Allow me to explain -
Consider an example problem of:
- Reading data from an input topic
- Performing some stateful transform on this data
- Producing data to an output topic
- The simple example of calculating a moving average is good enough. The moving average calculation must maintain some state (maybe: sum, total number of records) to calculate the moving average
Here are 3 possible approaches. I don’t know if any of these are along the lines of how Kafka expects me to build such a system. Keep in mind that transactions will be in operation for all of the following options.
-
Create a state topic, and enable log compaction. Store the entire application state in a message and use the same key for every message. This will cause the topic to maintain only the most up to date state.
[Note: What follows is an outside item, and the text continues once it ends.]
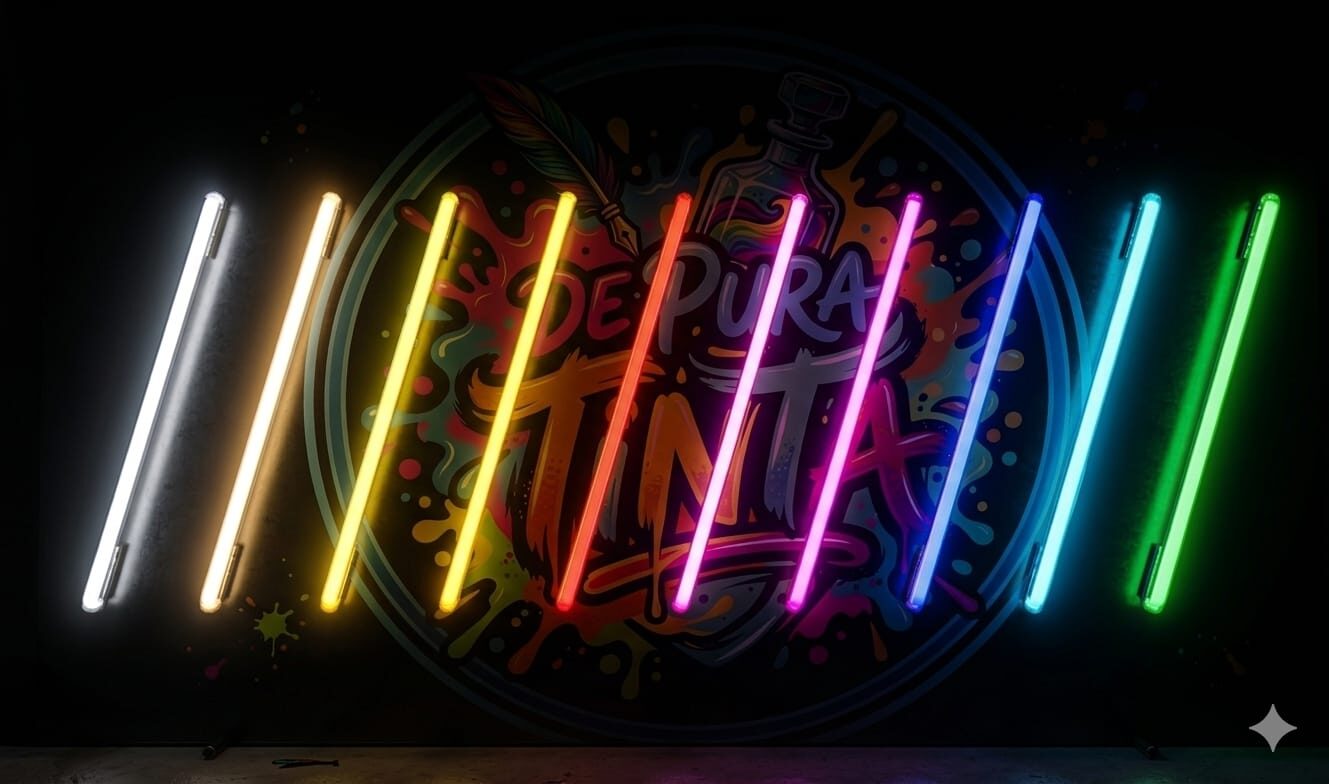 Catálogo real de tubos de luz neón disponibles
In some applications which maintain large quantities of state this may become inefficient due to the large volume of data transfered to the state topic.
-
Create a state topic, enable log compation. Only store the “bits” of the state which change. For example, if we had a process which contained a hash map, every time we added a key to the hash map, create a new message on the state topic, with the hash as the key. Every time we update a value in the hash map, again store the value in a message with the hash as the key. To delete an entry from the hash map we would need a special message type, again with the key being set to the hash to be deleted. This will be much more efficient in terms of not sending large messages to the state topic, however I tried to build a service like this and found it was extremely complicated to write and try and implement correctly. I believe this approach in general would be exceedingly hard to maintain without introducing bugs.
-
Store the state somewhere else, not in Kafka. Possible places to store the state could be on disk or in MongoDB. In this case, because we are not using Kafka for all possible ways in which data can transfer, it is not possible to implement exactly once semantics. However we can get pretty close by updating the state in Mongo/on disk just before committing the Kafka transaction. This is expected to fail only in rare circumstances, such as the power going off in the critical code section between sending data to Mongo (etc) and comitting to Kafka. This design will probably be “good enough”.
My question is: How should I approach the problem of designing stateful services with Kafka?